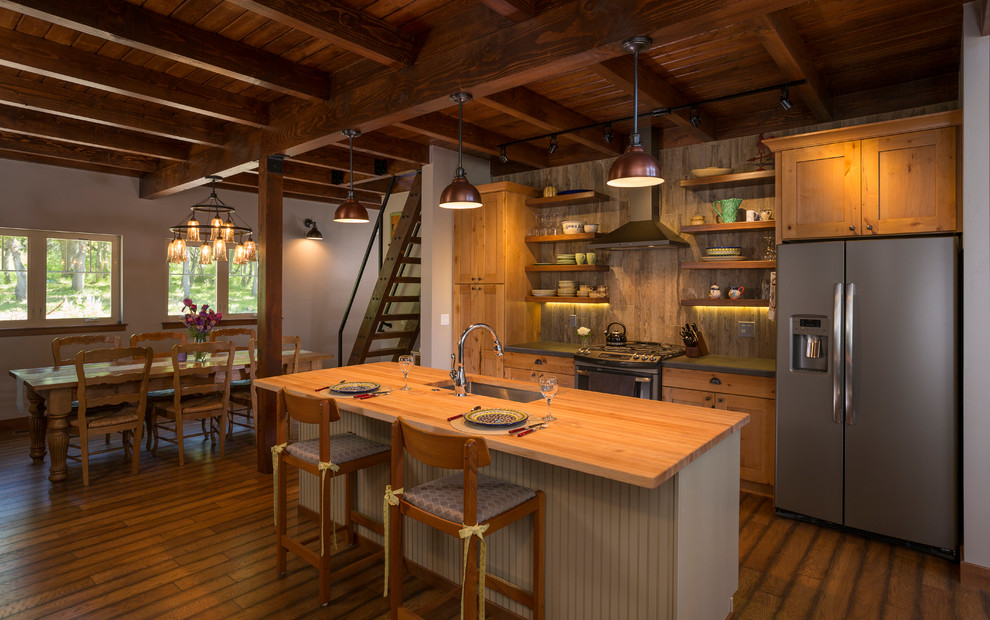 Inspiration for a mid-sized rustic dark wood floor eat-in kitchen remodel in Albuquerque with ceramic backsplash, an island, an undermount sink, shaker cabinets, medium tone wood cabinets, wood countertops and gray backsplash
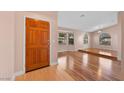 Bright and airy open-concept living room with hardwood floors and arched windows at 6217 Sadler Dr, Las Vegas, NV 89130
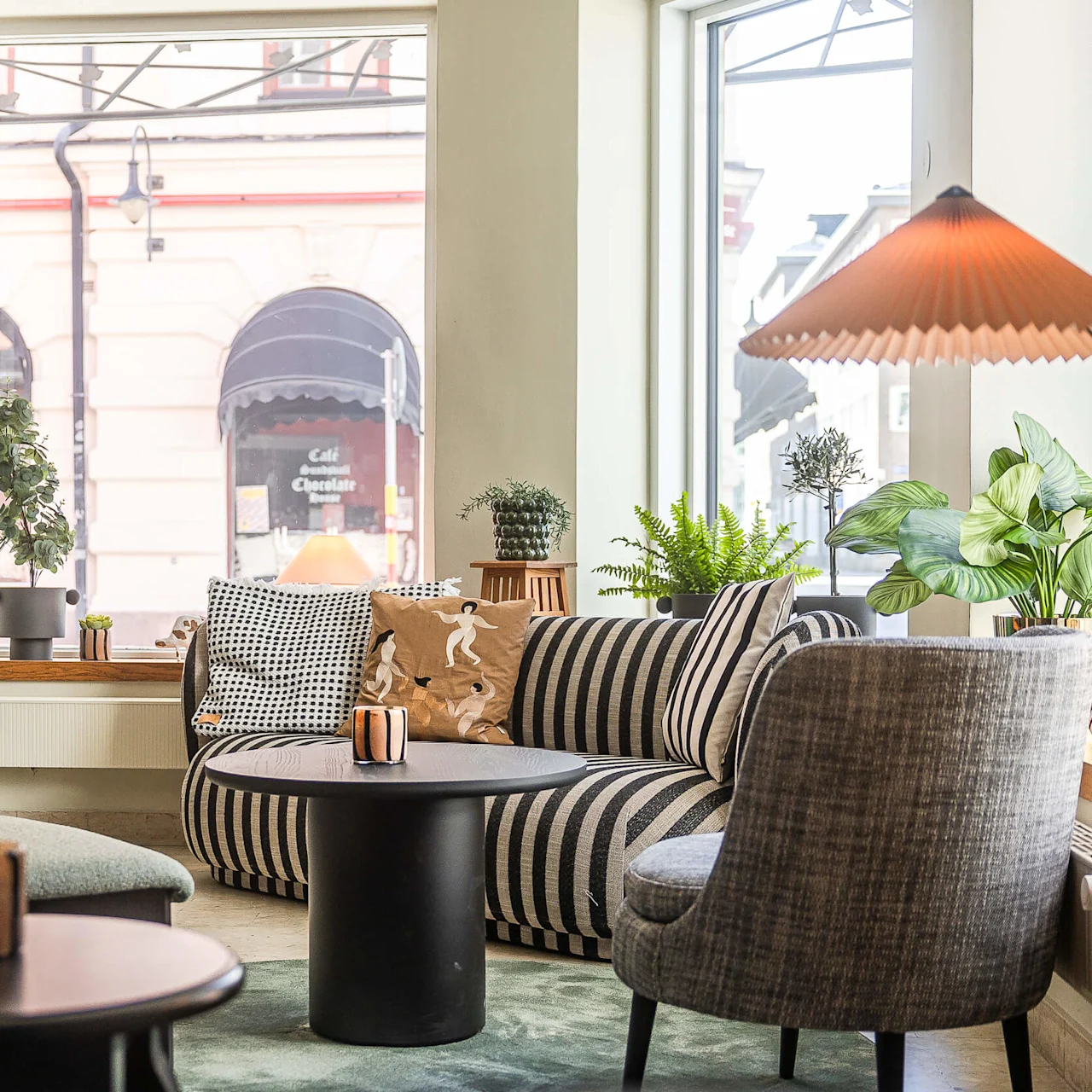 En mysig interiör med en randig soffa, växter, ett svart bord och en lampa, stort fönster med utsikt över gatan och ett café mittemot.
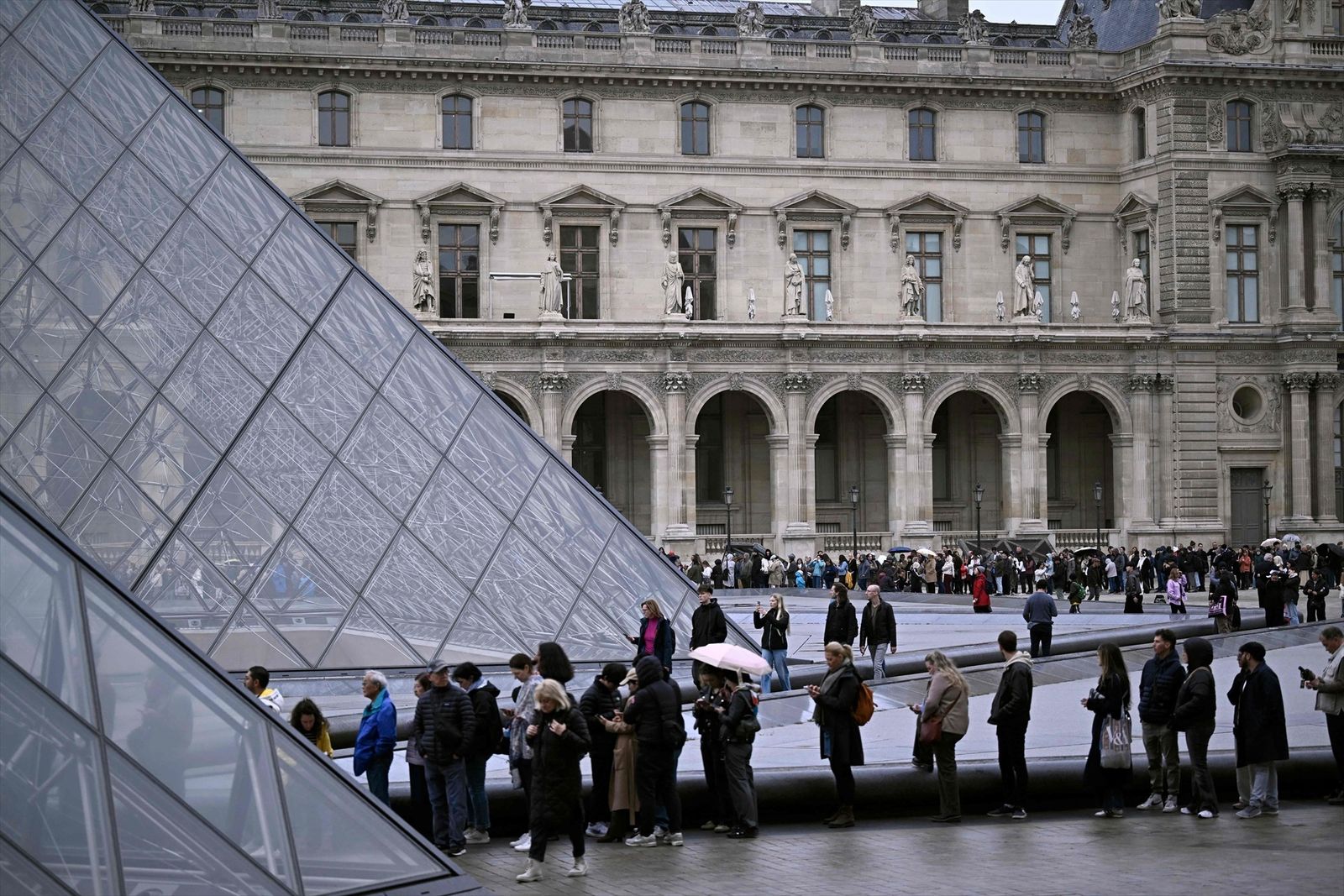 Personas haciendo cola para entrar al Museo del Louvre de París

▶ _DESCRIPTION OF THE TASK_: Produce a word-for-word version of the material, with no pictures included.

▶ _THE ANSWER_:
 Inspiration for a mid-sized rustic dark wood floor eat-in kitchen remodel in Albuquerque with ceramic backsplash, an island, an undermount sink, shaker cabinets, medium tone wood cabinets, wood countertops and gray backsplash
 Bright and airy open-concept living room with hardwood floors and arched windows at 6217 Sadler Dr, Las Vegas, NV 89130
 En mysig interiör med en randig soffa, växter, ett svart bord och en lampa, stort fönster med utsikt över gatan och ett café mittemot.
 Personas haciendo cola para entrar al Museo del Louvre de París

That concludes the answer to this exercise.